* [Your assignment]
Your task is to repeat exactly the lines below between the line holding "programas da los mejores" and the line holding "Al igual los", inclusive, and only those.

Supplied material START

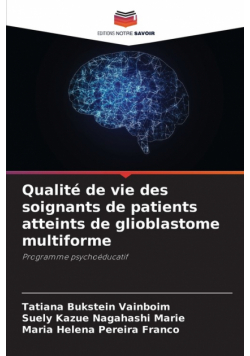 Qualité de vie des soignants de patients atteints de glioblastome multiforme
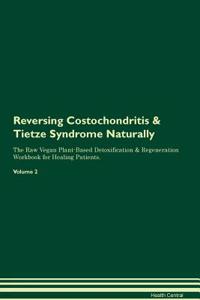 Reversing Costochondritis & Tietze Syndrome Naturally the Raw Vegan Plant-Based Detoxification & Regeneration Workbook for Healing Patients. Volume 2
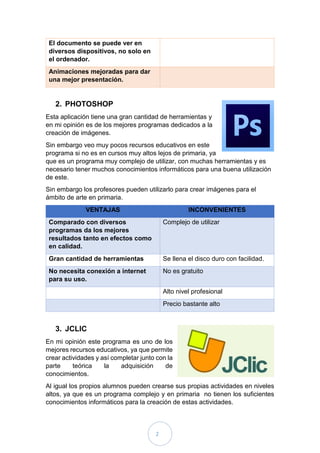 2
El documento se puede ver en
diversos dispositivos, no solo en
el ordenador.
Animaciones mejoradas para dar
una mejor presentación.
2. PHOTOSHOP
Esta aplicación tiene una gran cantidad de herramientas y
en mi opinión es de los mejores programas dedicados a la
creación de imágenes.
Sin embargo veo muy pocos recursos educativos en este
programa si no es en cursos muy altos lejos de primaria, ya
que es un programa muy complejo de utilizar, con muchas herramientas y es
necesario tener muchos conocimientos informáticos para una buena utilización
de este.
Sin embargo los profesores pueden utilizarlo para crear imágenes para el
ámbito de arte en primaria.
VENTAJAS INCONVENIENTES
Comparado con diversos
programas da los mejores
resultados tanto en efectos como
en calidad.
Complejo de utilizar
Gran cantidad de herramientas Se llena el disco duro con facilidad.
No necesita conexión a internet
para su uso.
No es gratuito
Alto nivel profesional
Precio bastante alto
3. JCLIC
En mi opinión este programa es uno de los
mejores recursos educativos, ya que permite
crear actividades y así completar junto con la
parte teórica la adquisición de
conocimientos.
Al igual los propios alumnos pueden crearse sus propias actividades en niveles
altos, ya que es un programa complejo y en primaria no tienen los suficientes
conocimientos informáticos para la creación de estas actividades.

Supplied material END
Supplied material START

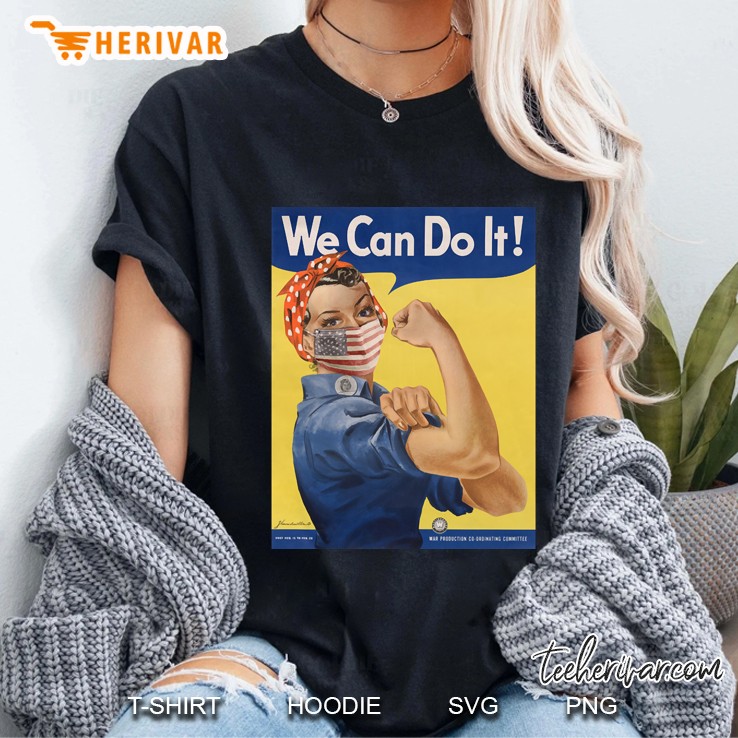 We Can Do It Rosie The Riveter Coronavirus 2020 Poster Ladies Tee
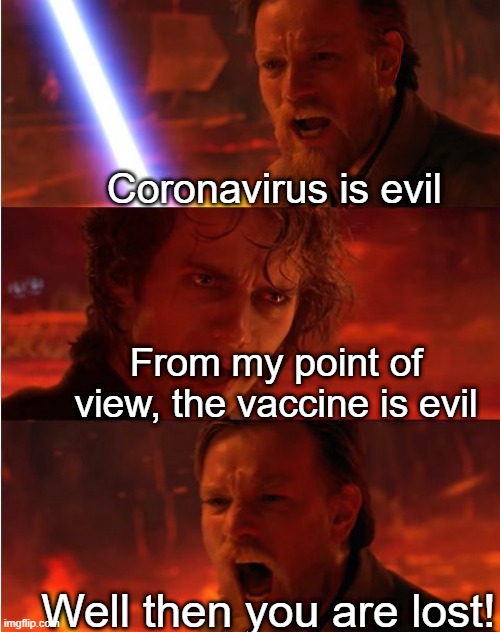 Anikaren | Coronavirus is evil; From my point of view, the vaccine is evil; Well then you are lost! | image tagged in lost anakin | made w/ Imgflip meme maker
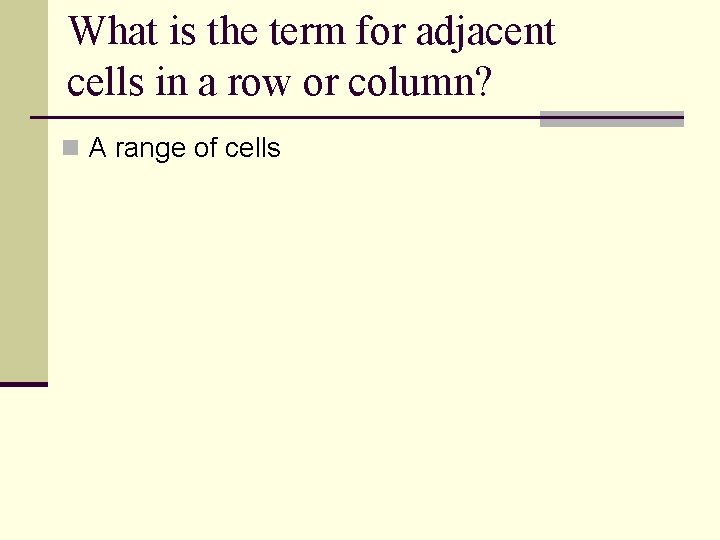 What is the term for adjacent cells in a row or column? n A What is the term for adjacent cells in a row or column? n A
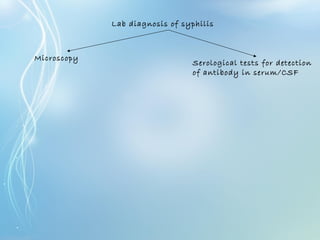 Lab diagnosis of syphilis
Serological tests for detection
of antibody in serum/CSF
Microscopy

Supplied material END
Supplied material START

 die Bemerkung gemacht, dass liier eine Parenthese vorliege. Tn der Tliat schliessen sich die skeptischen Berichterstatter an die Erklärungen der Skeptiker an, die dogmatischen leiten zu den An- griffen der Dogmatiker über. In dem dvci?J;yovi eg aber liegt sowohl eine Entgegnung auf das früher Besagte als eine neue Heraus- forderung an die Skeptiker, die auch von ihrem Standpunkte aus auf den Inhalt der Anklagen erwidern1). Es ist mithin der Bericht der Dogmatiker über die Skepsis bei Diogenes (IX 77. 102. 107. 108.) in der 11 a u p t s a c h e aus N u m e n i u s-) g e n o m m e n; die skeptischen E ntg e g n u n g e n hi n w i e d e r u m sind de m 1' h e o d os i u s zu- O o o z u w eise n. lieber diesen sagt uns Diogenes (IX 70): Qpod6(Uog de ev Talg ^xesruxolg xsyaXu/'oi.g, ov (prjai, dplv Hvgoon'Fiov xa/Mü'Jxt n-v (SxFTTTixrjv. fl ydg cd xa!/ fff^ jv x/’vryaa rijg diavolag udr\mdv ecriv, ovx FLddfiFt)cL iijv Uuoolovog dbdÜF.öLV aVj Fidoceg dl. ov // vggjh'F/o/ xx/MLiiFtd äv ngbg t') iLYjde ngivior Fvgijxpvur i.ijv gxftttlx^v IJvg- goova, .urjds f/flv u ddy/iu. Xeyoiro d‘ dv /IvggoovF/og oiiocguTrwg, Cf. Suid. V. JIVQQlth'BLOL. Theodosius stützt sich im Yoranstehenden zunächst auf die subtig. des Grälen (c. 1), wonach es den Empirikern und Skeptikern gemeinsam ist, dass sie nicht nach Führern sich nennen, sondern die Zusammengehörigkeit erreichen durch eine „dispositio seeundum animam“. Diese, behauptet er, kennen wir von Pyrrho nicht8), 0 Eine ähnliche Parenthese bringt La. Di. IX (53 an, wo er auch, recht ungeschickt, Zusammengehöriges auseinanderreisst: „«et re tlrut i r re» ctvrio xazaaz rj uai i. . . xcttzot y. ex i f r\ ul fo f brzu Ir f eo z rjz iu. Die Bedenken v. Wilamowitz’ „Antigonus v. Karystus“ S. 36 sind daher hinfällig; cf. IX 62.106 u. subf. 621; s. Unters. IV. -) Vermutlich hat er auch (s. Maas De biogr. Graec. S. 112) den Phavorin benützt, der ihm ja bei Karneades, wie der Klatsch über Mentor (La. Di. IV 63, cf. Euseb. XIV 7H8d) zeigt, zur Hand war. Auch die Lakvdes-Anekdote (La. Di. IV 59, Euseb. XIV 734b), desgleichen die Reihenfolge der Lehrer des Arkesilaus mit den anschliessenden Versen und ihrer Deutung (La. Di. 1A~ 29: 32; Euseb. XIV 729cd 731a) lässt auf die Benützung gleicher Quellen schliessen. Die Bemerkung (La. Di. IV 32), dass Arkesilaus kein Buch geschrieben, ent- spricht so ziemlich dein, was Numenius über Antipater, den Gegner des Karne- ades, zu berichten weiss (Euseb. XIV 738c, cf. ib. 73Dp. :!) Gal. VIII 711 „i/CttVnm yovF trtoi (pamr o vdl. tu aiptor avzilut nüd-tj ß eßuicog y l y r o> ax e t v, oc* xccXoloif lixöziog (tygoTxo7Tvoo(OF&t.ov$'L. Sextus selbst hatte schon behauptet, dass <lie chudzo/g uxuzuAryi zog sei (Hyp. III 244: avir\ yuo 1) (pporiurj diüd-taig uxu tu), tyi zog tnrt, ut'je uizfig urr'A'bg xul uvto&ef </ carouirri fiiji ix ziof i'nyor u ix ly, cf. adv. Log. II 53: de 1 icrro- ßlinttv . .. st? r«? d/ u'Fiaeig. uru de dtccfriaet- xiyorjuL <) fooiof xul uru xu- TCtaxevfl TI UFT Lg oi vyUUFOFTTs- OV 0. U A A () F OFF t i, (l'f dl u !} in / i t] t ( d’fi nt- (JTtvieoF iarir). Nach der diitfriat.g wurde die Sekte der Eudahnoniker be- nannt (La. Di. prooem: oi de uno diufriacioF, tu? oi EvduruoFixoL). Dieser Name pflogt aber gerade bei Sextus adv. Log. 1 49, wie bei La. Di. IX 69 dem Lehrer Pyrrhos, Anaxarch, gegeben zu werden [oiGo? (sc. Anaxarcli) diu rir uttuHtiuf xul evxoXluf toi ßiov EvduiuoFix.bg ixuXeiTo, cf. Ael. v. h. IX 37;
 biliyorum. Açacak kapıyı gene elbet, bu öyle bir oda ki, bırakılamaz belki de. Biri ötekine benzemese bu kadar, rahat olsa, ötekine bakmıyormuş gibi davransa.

Supplied material END

* [Problem solution]
programas da los mejores
resultados tanto en efectos como
en calidad.
Complejo de utilizar
Gran cantidad de herramientas Se llena el disco duro con facilidad.
No necesita conexión a internet
para su uso.
No es gratuito
Alto nivel profesional
Precio bastante alto
3. JCLIC
En mi opinión este programa es uno de los
mejores recursos educativos, ya que permite
crear actividades y así completar junto con la
parte teórica la adquisición de
conocimientos.
Al igual los propios alumnos pueden crearse sus propias actividades en niveles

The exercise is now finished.